● WHAT TO PRODUCE:
Omit all pictures, and print word for word only the lines from the one containing "气球烟花开学快乐UV静电玻璃贴纸幼儿园教室班级环创氛围场景布置" through the end of the data.

● INFORMATION PROVIDED:
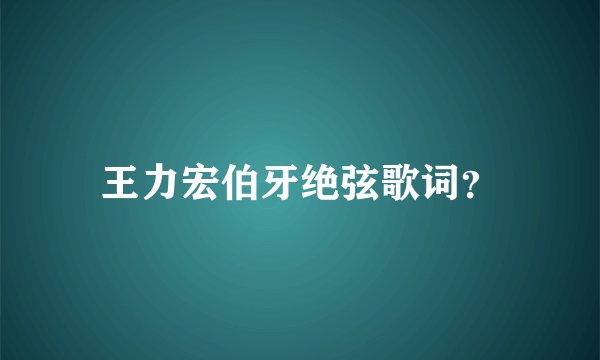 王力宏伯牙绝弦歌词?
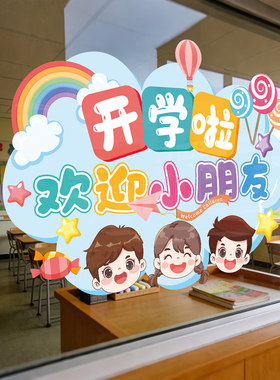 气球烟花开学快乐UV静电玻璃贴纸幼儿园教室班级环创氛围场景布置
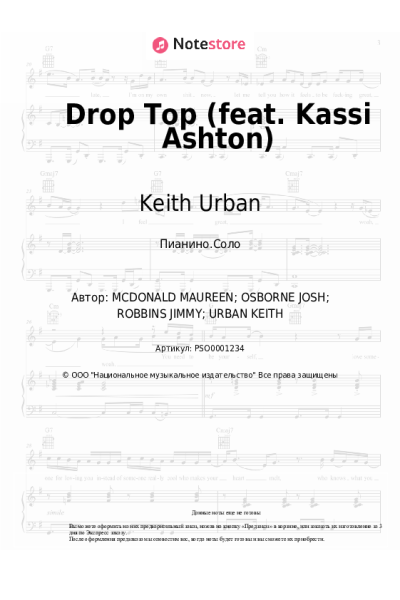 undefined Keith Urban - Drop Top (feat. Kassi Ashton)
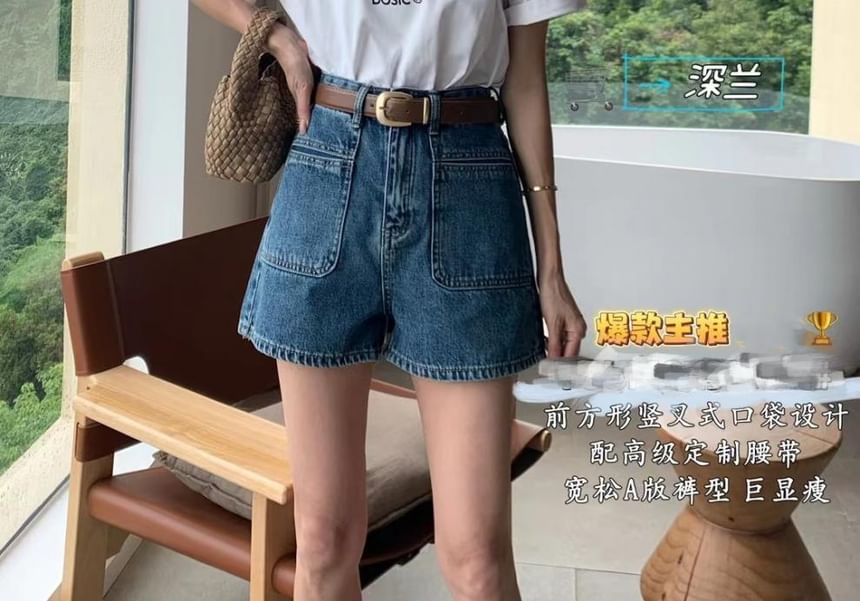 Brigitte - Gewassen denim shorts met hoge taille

● REPLY TO THE EXERCISE:
 气球烟花开学快乐UV静电玻璃贴纸幼儿园教室班级环创氛围场景布置
 undefined Keith Urban - Drop Top (feat. Kassi Ashton)
 Brigitte - Gewassen denim shorts met hoge taille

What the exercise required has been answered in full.